7. Character Encoding Comparison Table

Encoding	Type	Bytes per Character	Supported Character Range	Backward Compatibility	Advantages	Disadvantages
ASCII	Fixed-length (7-bit)	1 byte (7 bits used, 1 unused)	128 characters (0–127)	N/A (original standard)	Very simple; compact for English; foundation for later encodings	Cannot represent accented characters, non-Latin scripts, emoji, or modern symbols
UTF-8	Variable-length	1–4 bytes	Full Unicode range (1,114,112 code points)	Yes — ASCII bytes are unchanged	Dominant web encoding; efficient for English; robust to transmission errors; self-synchronizing	Characters outside ASCII may require 2–4 bytes; random access by index is slower
UTF-16	Variable-length	2–4 bytes	Full Unicode range	Not ASCII-compatible, but shares code points with UCS-2	Efficient for Asian languages; fixed 2-byte format for BMP characters; widely used in Windows and Java	Uses surrogate pairs; endianness issues (UTF-16LE/UTF-16BE); more complex than UTF-8
UTF-32	Fixed-length	4 bytes for every character	Full Unicode range	Not ASCII-compatible	Very simple mapping: 1 code point = 1 32-bit word; fast random access	Wastes space (4× ASCII, 2× BMP); rarely used for storage or transmission

8. Summary

Human languages require rich expressive symbols, but computers operate only with binary data.

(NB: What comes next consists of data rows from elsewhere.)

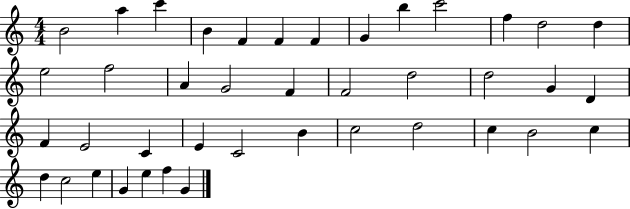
X:1
T:Untitled
M:4/4
L:1/4
K:C
B2 a c' B F F F G b c'2 f d2 d e2 f2 A G2 F F2 d2 d2 G D F E2 C E C2 B c2 d2 c B2 c d c2 e G e f G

A character encoding defines the mapping between characters and their binary representations. ASCII provides a compact 7-bit foundation, while Unicode generalizes this idea to cover every symbol used worldwide. UTF-8 then provides a practical, efficient, backward-compatible way to store and transmit Unicode text.

Understanding character encoding is foundational for programming, networking, databases, and web development — wherever text data must be stored, compared, sorted, or transmitted reliably.